Let me say that my first attempts at using this thing were a little rough. My husband came downstairs one morning to find me at the dining room table with my shirt off and this thing twisted around my neck. I was hunched over with my forehead nearly on my keyboard, trying to get the flanges to stay suctioned so I could sit back with comfort and go through my inbox, as promised on the packaging.
It wasn’t a pretty start to the experiment, but I persevered and finally got to the point where I was more or less hands free. A piece of advice for soon-to-be and newbie pumpers looking to try this at home: The trick is to hold on to the flanges in the contraption until there’s about an ounce of milk in them; the milk gives them some weight, which helps them suction on for the long haul. Also sitting straight up and pushing your chest out definitely helps, too.
Although I finally achieved success with my Pumpin’ Pal, I started researching to find out if there were other hands-free aids that might be more secure. There are, but I don’t see them as any less disturbing than what I’ve got. It’s a case where fashion and function will never meet.
Take for example, this model, pictured at left. Oh, to count the ways that this photo is perturbing.

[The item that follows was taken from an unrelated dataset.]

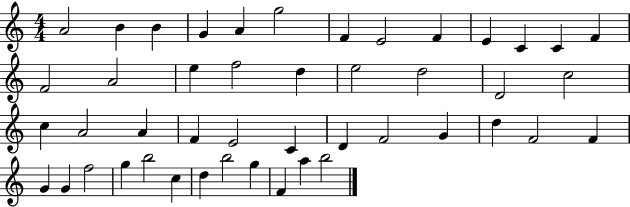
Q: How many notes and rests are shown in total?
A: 46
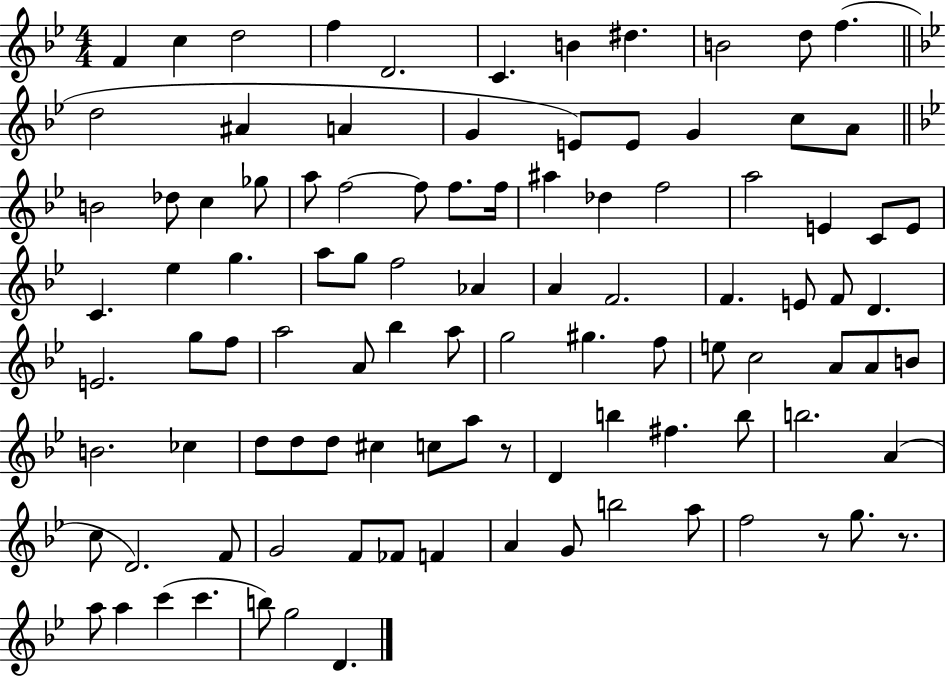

I saw this and was trying to imagine myself using this while trying to maintain a shred of professionalism. I mean, who would actually try to make or answer a phone call while pumping? The sound of the pump is more of a groan than a whisper, so there’s no doubt in my mind that the person on the other line could hear it doing its job in the background. (Curiously, the one I use sounds a little bit like the adults in the Charlie Brown cartoons–wanh whan, wanh wanh, wanh wanh…) How awkward would that be to explain?
“Excuse me, could you repeat the question? I didn’t hear you. There’s some background noise. Are you driving or at a coffee shop or something?”
“Uh, no, it’s just my breast pump. I’m multi-tasking.”
The other issue I have with the photo–besides the fact that the woman is also smiling–is her outfit. I don’t see any bra, camisole, or tank top scrunched up around her neck or pulled down around her waistband, where mine usually are when I’m pumping. So, this begs the question: Does she wear this thing under her sweater or does she just wear the sweater with nothing underneath? Because the idea of leaving mom boobs unleashed might be as troublesome as the idea of wearing this thing as a full-time undergarment.
Of course, I’m not full time in an office anymore, so I probably shouldn’t really worry so much about the logistics of using one of these things when wearing anything nicer than jeans and a t-shirt. But probably more important, I should just come to grips with the fact that short of someone inventing a Bluetooth for boobs tomorrow, I’m going to have to just take a timeout from my to-do-list of a life if I need to pump. I was getting pretty good at one-handed typing anyway.